En ciudades con centros históricos de origen islámico, como Sevilla, la trama urbana es sinuosa y compacta, estructurada en torno a microsociedades tradicionales como las corralas. La identidad formal de esta arquitectura se basa en la dialéctica entre "lo vacío" y "lo lleno", donde los vacíos definen la estructura urbana.

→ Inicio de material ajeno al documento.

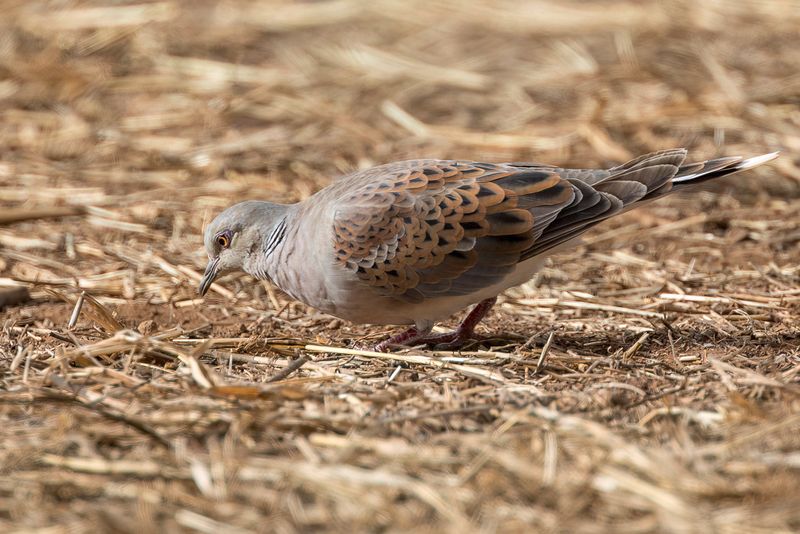 European Turtle Dove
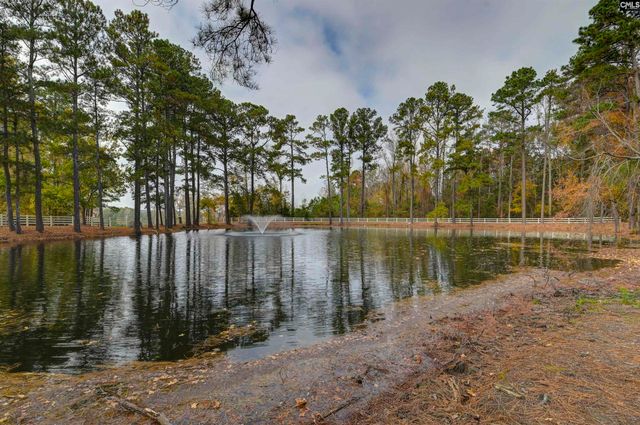 112 Feather Site Lane, Lexington, SC 29072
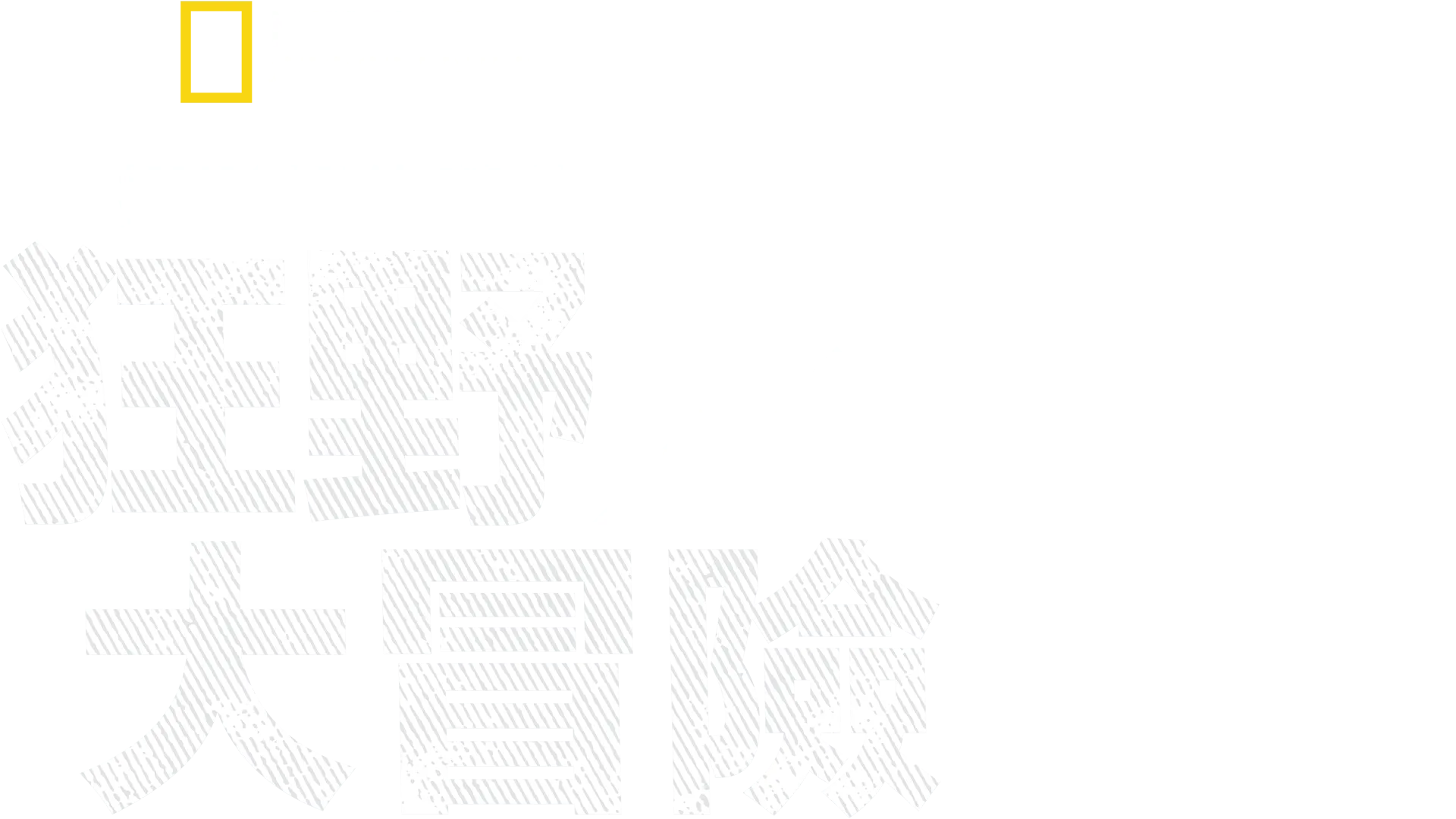 攝影師伯蒂的狂野大冒險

En este contexto, la inserción del patio introduce una geometría clara que ordena la vivienda colectiva y le otorga escala. Por lo tanto, cualquier intervención que busque integrarse en armonía con la urbe heredada debe respetar esta continuidad de conjunto, evitando la fragmentación y asumiendo el principio de "construir desde el vacío" para mantener dicho binomio.
Un caso concreto de esta problemática es la Huerta y Casa del Rey Moro en Sevilla, declarada Bien de Interés Cultural (BIC) en 2001, pero amenazada desde 2006 por un plan urbanístico que proyecta la construcción de viviendas. Frente a la alta colmatación y la falta de áreas verdes en el Casco Norte, los vecinos defienden este espacio como un modelo de sociabilidad y resistencia al mercantilismo. La comunidad demanda la preservación y adecuación de esta huerta arqueológica para potenciar actividades de educación ambiental, talleres culturales, ocio alternativo y huertos urbanos, demostrando que la participación ciudadana puede transformar la fricción urbana en un proyecto de convivencia positivo.
Finalmente, el proyecto persigue el objetivo de adecuar un espacio verde de esparcimiento que fomente dinámicas de sociabilidad, el cuidado del entorno y el respeto al medio ambiente al margen del consumismo. Para lograrlo de manera sostenible, se incorpora el principio de Factor 4, el cual busca duplicar el beneficio utilizando la mitad de los recursos y del espacio. Así, los objetivos arquitectónicos y sociales se alinean hacia la creación de viviendas y entornos más eficientes donde los inquilinos compartan funciones y objetos del hogar (como el lavado de ropa o la cocina) que suelen estar infrautilizados. Al colectivizar estos recursos en lugar de duplicarlos innecesariamente en cada apartamento, se optimiza el espacio libre de la urbe y se potencia la escala comunitaria característica de las microsociedades del centro histórico.